Goodbye Growth and Earnings

By Dennis Slothower / October 20, 2018 / www.outsiderclub.com / Article Link

The stock market fell sharply again on Thursday, unable to mount a sustainable rally when a combination of bearish news fell upon the market. Friday trading couldn't make up for the downward trend.

The Federal Reserve's FOMC minutes were released, which left no doubt that the Fed is preparing for another rate hike and that it won't be swayed by criticism from President Trump, who has said the Fed is moving "too fast" in its tightening policy, threatening the health of the economy. If anything, the Fed appears increasingly hawkish as we get closer to the midterm elections, and institutions are taking action, becoming increasingly more defensive.

Notice what is happening to the new low vs. new high ratio of the NYSE.

New lows are swamping new highs under very bearish conditions. This indicates that technical damage is severe. As long as this ratio favors new lows over new highs, the bears are in control of market conditions.

The Fed minutes had a very negative impact on the global markets as well, with China falling to a new four-year low - which pushed the U.S. dollar higher but also knocked down U.S. government bonds, driving yields higher, something stocks hate to see right now.

As more companies report earnings, it is clear that peak growth and peak earnings are now behind us.

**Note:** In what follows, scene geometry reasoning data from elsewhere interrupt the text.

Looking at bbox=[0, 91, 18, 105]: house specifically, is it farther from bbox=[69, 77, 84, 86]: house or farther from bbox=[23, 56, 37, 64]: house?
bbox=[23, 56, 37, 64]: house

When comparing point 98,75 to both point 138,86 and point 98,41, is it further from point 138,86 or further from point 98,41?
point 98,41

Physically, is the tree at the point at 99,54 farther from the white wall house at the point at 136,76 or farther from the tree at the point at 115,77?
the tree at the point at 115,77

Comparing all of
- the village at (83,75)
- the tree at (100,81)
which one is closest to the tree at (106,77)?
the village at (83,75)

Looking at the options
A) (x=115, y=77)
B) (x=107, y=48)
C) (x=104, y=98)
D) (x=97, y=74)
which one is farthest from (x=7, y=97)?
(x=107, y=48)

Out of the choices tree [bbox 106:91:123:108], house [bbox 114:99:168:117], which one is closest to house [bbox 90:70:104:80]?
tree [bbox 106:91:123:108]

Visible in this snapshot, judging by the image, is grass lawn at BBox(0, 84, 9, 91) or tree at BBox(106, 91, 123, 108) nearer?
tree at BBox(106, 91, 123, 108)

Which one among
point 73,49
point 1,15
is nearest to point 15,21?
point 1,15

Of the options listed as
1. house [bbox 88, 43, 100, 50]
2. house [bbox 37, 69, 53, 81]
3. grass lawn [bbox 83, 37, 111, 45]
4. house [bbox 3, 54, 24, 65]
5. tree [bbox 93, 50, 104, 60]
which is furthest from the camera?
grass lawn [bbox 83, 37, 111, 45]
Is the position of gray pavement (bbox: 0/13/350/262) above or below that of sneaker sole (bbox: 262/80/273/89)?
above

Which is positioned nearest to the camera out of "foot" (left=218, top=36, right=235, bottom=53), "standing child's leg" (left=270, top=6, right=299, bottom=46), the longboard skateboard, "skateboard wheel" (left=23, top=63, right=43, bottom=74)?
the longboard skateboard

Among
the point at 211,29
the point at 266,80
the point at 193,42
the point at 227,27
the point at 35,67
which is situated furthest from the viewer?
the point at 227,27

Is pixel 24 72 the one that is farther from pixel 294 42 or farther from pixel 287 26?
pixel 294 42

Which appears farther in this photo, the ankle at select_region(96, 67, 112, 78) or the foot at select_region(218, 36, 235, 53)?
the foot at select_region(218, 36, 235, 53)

Notice that peak earnings occurred about the same time as oil prices maxed out in late June. But growth is certainly slowing from peak growth in the second quarter.

I don't see this getting better with higher interest rates and higher tariffs on the way, so this is why institutions are unloading now.

The stock market may still try and rally next week, but its technical underpinnings are breaking down, making each rally attempt an opportunity for further selling.

Crashing Automotive Industry

Wednesday's global news was an eye opener coming out of Europe when it was reported that European car sales plunged 23%.

Europe's biggest auto companies came to Brussels on Wednesday to issue a blunt warning against a no-deal Brexit, just as EU leaders were to meet to break an impasse in divorce talks with Britain.

Companies like Volkswagen, BMW, Renault, and PSA are dependent on highly integrated production lines, where millions of car parts and components arrive on time to factories across the EU, but they now face a series of blockages, including hold-ups at new checkpoints, if there is a "no-deal" Brexit and Great Britain wants out of the EU.

This is why Italy's financial problems are such a threat to the EU, which puts an even greater strain on the stronger nations within the EU. The EU announced on Wednesday that it would not accept Italy's proposed budget!

In the meantime, President Trump is still threatening the EU with tariffs on European cars if the EU doesn't abandon its tariffs on imported U.S. cars. This might force the EU to drop its tariffs on U.S.-made cars.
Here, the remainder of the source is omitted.